Passive vs. Active Liveness Detection in Facial Recognition

25 April 2025

With deepfakes and spoofing attacks on the rise, liveness detection - also known as liveliness detection - is now one of the most important things businesses consider when considering a facial recognition system. 
But not all liveness checks are created equal. The debate between passive and active liveness detection is more important than ever - especially as fraud tactics evolve.
Let’s unpack what liveness detection really is, how it works, and why passive approaches are fast becoming the industry standard for both security and user experience.

What is Liveness Detection?

Liveness detection is a technique used to determine whether a biometric sample - usually a face - is being presented by a real, live human at the time of capture. Its purpose is to prevent fraudsters from using photos, videos, masks, or synthetic content to impersonate someone.
In simple terms, it’s how face recognition systems make sure they’re seeing a real person, not just a convincing fake.

Why Liveness Detection Matters

Biometric authentication works by matching a user’s unique facial features to a previously stored template. But what if someone presents a printed image, or worse, a deepfake video?
That’s where liveness detection comes in. Without it, biometric systems are vulnerable to presentation and injection attacks. And with generative AI making deepfakes easier and more realistic, robust liveness detection is no longer optional.

Active vs. Passive Liveness Detection

There are two main types of liveness detection used today: active and passive.
Active liveness detection requires the user to perform a specific action - like blinking, turning their head, or smiling. These checks are intended to confirm that the person is real and not a static image or basic video.
While active liveness is widely used, it’s increasingly being outsmarted by deepfake technology, which can simulate facial movements. It also interrupts the user experience, making the process slower and more cumbersome.
Passive liveness detection happens invisibly in the background. The system captures a user’s face as usual, and then runs analysis in real time to determine if the face is genuine. It uses indicators like natural light reflection on skin, depth mapping, skin texture, and subtle micro-expressions.
Because it doesn’t require the user to do anything extra, passive liveness is smoother for the end user. And because it relies on subtle, hard-to-replicate signals, it’s far more resilient to deepfakes.
It also offers the ideal balance between security and usability. It removes friction from the user journey while dramatically improving fraud resistance.
Unlike active liveness, passive systems don’t rely on observable behavior that can be faked. Instead, they look at biometric signals that deepfakes struggle to reproduce - such as how light bounces off real skin, or the 3D structure of the face.
It’s faster too. Keyless’ passive liveness engine performs checks in under 300 milliseconds - five times faster than many competitors - making it nearly invisible to the user.

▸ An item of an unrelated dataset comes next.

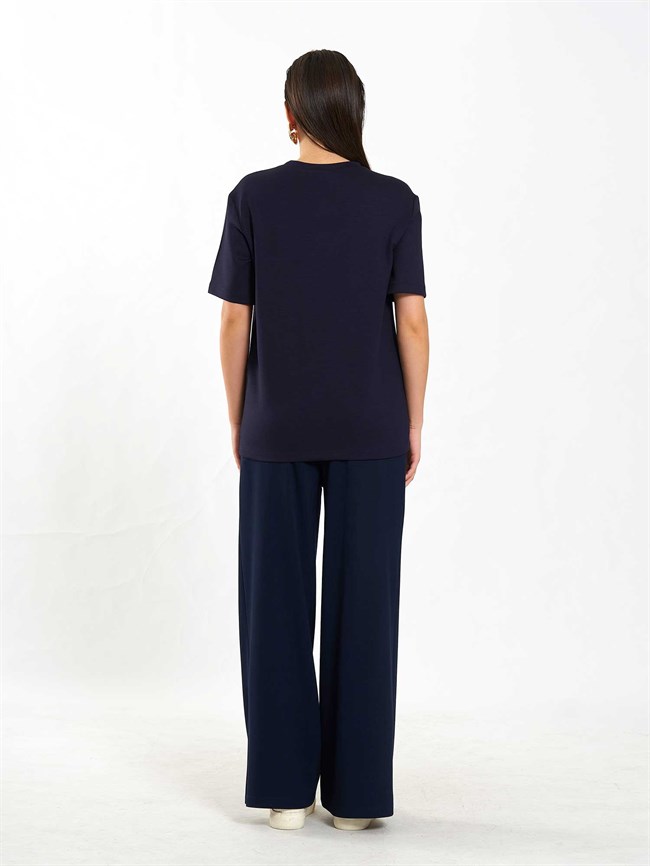 050733 Bisiklet Yaka Oversize Tişört Lacivert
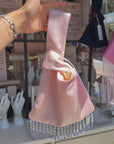 Baby Pink with Blue Beaded Fringe Japanese Knot Bag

Fighting Deepfakes with Passive Liveness

Deepfakes are no longer a niche threat. They’re a mainstream attack vector - and they’re only getting more realistic. Face recognition systems need to evolve accordingly.
Passive liveness detection is the most effective and user-friendly way to ensure that the face being scanned is live and real. Combined with behavioral analysis and device-level intelligence, it can provide strong defense against even the most advanced threats.
Active methods are increasingly outdated. Deepfakes can simulate eye blinks and head movements with ease. But replicating the nuances of a real human face in real time - like skin texture, depth, and light behavior - is still extremely difficult. That’s where passive liveness shines.

Keyless’ Three Lines of Defense Against Deepfakes

At Keyless, we’ve developed a multi-layered approach to fight the growing threat of AI-driven fraud. Our liveness detection is just one part of a comprehensive security stack designed to stop both presentation and injection attacks.
  1. First, we use genuine identity assurance, linking a user’s face to a specific device. This means even a perfect deepfake can’t authenticate unless it’s presented from the original trusted device.
  2. Second, we deploy certified passive liveness detection to spot fake faces, masks, photos, or deepfake content shown to the camera.
  3. Finally, we’ve launched our newest line of defense: injection attack detection. This capability uses machine learning to detect tampered device behavior and analyze biometric inconsistencies. It’s built to stop deepfakes that are injected directly into a device’s video feed, bypassing the camera altogether.
Together, these three layers ensure that users are not only present—but also real, trustworthy, and in control of their device.

Certified and Compliant

Keyless’ face recognition and liveness detection systems are certified to the highest standards in the industry:
  • ISO/IEC 30107-3 compliance for presentation attack detection.
  • FIDO Biometric Certification for anti-spoofing and privacy compliance.
  • NIST FRVT 1:1 verification, confirming extremely low error rates.
These certifications are essential for serving high-risk industries such as banking, fintech, crypto, and government.

Ready for What’s Next

As generative AI advances, biometric systems need to stay a step ahead. That’s why we continue to invest in AI-resistant technologies that can adapt to new attack patterns in real time.
Our latest release - injection attack detection -  addresses one of the fastest-growing threats in the fraud space. And it does so without compromising user privacy or performance.
Liveness detection is no longer just a checkbox feature - it’s the frontline defense for any face recognition system. And in that fight, passive liveness detection is leading the way.
It’s faster, stronger, and harder to fool. It works silently in the background to protect users without slowing them down. And when combined with device-level security and injection attack detection, it forms a powerful shield against modern fraud.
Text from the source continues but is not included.